Ella estaba allí, apoyada en la baranda, con una copa de vino en la mano y la mirada fija en las luces titilantes de los edificios. Vestía un suéter largo, y su cabello caía sobre los hombros como un velo oscuro.
Me acerqué en silencio, y sin decir palabra me puse a su lado. Nuestras manos rozaron por accidente, pero ninguno se apartó.

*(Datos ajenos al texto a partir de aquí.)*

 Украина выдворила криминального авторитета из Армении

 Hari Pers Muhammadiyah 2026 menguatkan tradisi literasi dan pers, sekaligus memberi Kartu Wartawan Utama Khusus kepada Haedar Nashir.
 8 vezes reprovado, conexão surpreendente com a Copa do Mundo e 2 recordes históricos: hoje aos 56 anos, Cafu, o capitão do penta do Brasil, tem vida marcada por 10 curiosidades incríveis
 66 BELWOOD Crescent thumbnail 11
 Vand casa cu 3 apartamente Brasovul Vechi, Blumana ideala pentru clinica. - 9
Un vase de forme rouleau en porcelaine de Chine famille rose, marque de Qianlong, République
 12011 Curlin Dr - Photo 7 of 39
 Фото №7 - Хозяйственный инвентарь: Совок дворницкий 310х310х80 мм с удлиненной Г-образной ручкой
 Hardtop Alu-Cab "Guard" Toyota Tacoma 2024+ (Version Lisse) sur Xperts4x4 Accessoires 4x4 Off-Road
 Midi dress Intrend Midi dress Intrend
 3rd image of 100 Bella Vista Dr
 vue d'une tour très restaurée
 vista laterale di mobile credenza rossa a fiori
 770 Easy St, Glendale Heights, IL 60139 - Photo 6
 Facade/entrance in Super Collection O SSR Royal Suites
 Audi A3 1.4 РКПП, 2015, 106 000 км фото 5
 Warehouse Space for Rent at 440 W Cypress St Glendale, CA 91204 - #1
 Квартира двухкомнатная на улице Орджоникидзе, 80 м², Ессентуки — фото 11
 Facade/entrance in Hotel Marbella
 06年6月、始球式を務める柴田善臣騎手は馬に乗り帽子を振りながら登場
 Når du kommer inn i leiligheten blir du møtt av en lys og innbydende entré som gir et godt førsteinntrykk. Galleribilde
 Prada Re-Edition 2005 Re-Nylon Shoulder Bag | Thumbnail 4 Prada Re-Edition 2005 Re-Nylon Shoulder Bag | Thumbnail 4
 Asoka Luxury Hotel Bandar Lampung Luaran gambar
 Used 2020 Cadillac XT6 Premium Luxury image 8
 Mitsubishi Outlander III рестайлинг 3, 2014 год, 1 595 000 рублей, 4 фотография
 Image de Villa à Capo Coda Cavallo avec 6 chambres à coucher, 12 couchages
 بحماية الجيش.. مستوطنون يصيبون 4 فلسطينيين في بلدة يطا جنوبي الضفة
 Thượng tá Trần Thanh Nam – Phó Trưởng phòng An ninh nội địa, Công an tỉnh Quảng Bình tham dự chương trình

—Pensé que estabas dormido —susurró, sin mirarme, como si hablar en voz baja fuera parte del encanto de esa noche.
—No podía. Algo me decía que debía estar aquí.
Ella sonrió apenas, y giró para mirarme. Sus ojos brillaban más que cualquier estrella sobre nosotros. Por un instante, el mundo se redujo a esa mirada.
Sin pensarlo, le retiré un mechón de cabello del rostro. Ella no se apartó; al contrario, dio un pequeño paso hacia mí. El silencio se volvió denso, pero no incómodo.
—A veces, lo que no decimos es lo que más grita —murmuró.
Me incliné despacio, y nuestros labios se encontraron en un beso suave, sin prisa, como si quisiéramos grabar cada segundo en la memoria. El sonido lejano del tráfico era el único testigo.
Nos quedamos abrazados en el balcón, dejando que la noche nos envolviera. No había prisa, porque el momento era nuestro.